Task prompt ->
Please write out all of the data below exactly, without including the pictures.

Supplied records ->
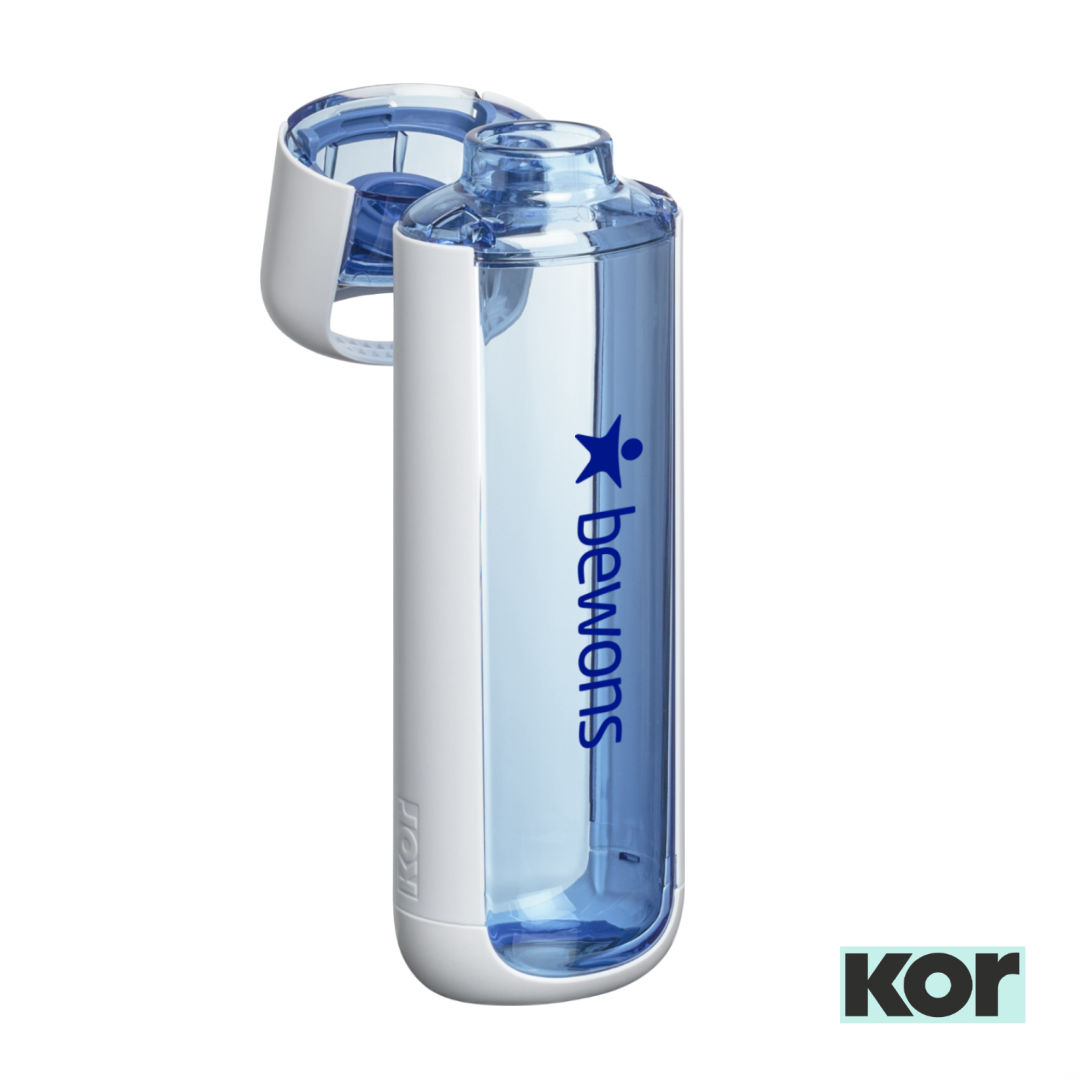 Kor® One Bottle - 25oz 5
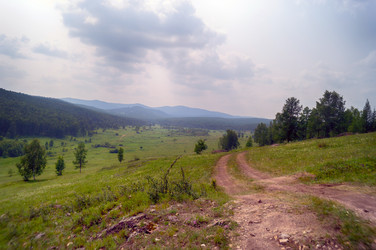 Similar image 21674720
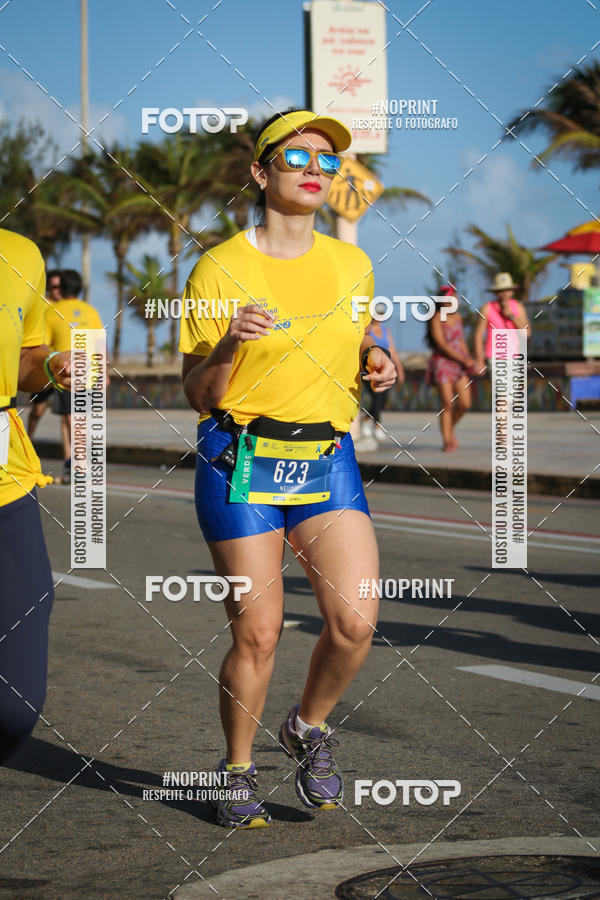 Buy your photos of the eventCIRCUITO BANCO DO BRASIL - ETAPA  FORTALEZA on Fotop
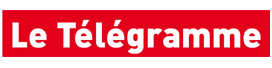 logo-letelegramme
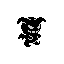 Nightmare battle animation image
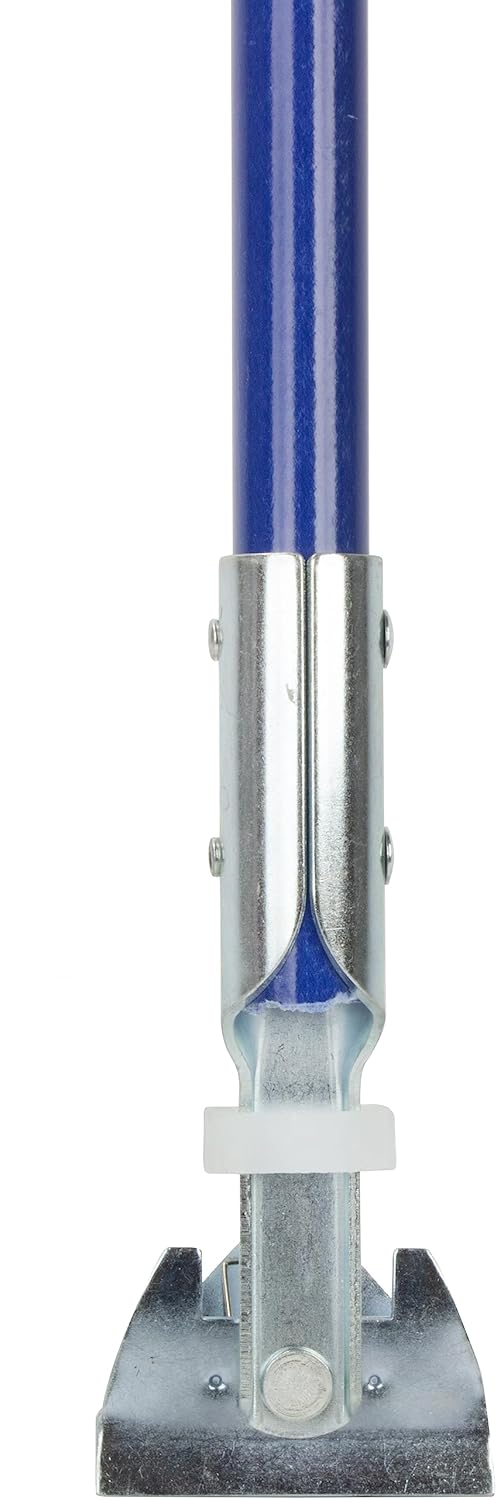 SPARTA 60 Mop Handle 13 Colors Durable Design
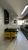 Apartamento, 4 quartos, 122 m² - Foto 6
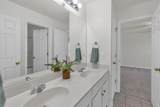 9659 Radiant Jewel Ct - Photo 31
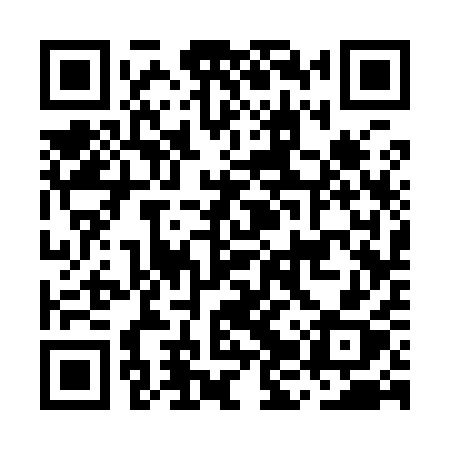 QR code for MJS91X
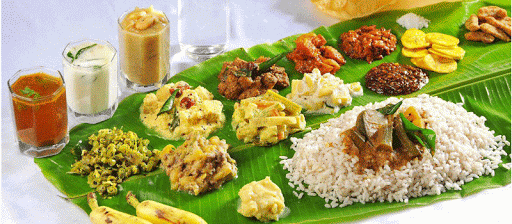 Akhilesh Catering Service, 20,Opp. Indian Bank,Madurai Road, Kochi-Madurai-Tondi Point Rd, Theni, Tamil Nadu 625531, India, Wedding_Service, state TN
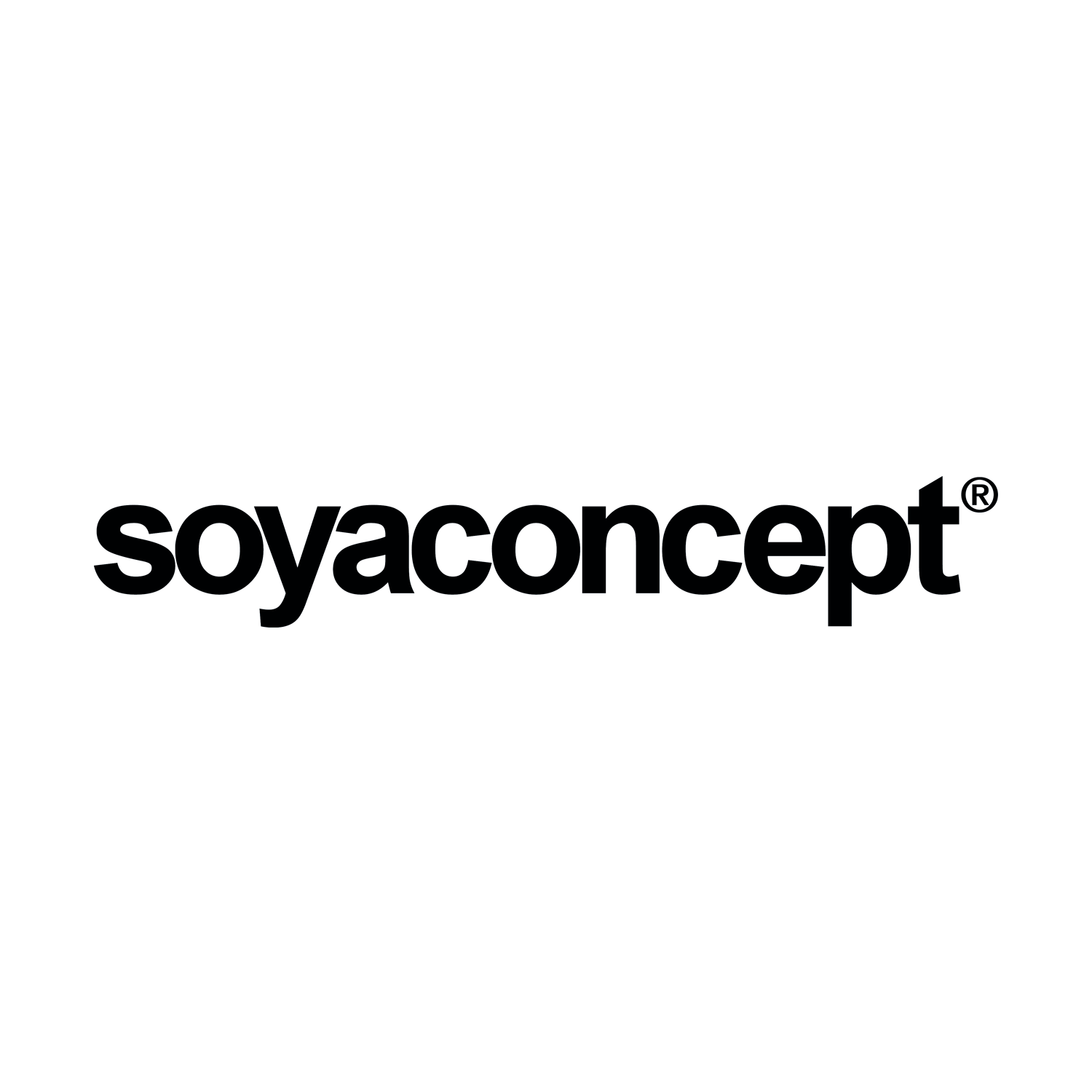 soyaconcept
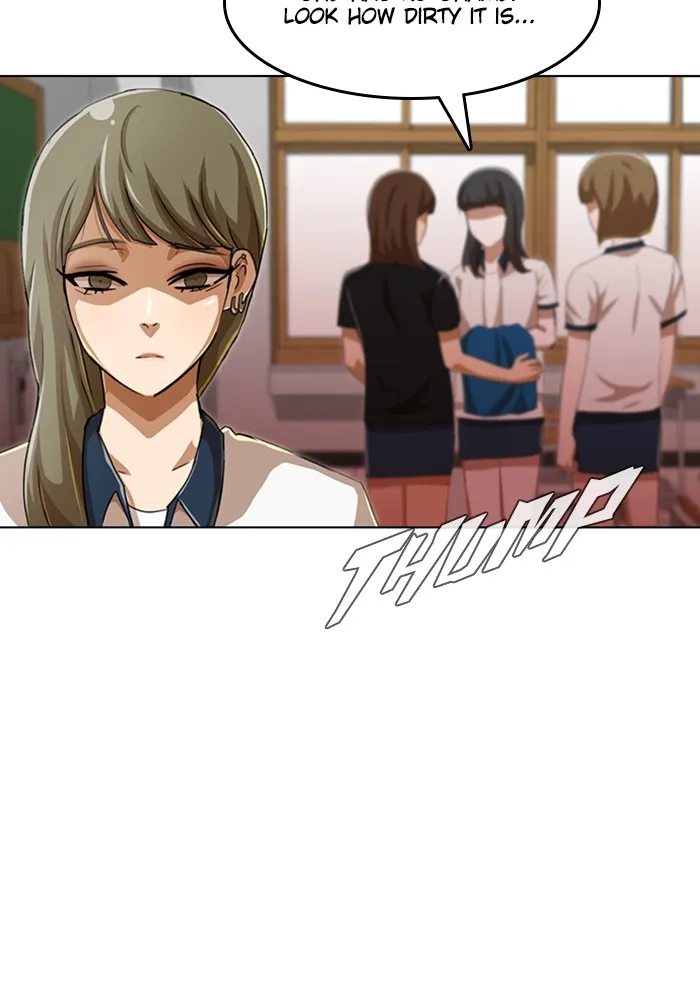 Read Random Chat chapter 63 image 94 on Lezhin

Response below ->
 Kor® One Bottle - 25oz 5
 Similar image 21674720
 Buy your photos of the eventCIRCUITO BANCO DO BRASIL - ETAPA  FORTALEZA on Fotop
 logo-letelegramme
 Nightmare battle animation image
 SPARTA 60 Mop Handle 13 Colors Durable Design
 Apartamento, 4 quartos, 122 m² - Foto 6
 9659 Radiant Jewel Ct - Photo 31
 QR code for MJS91X
 Akhilesh Catering Service, 20,Opp. Indian Bank,Madurai Road, Kochi-Madurai-Tondi Point Rd, Theni, Tamil Nadu 625531, India, Wedding_Service, state TN
 soyaconcept
 Read Random Chat chapter 63 image 94 on Lezhin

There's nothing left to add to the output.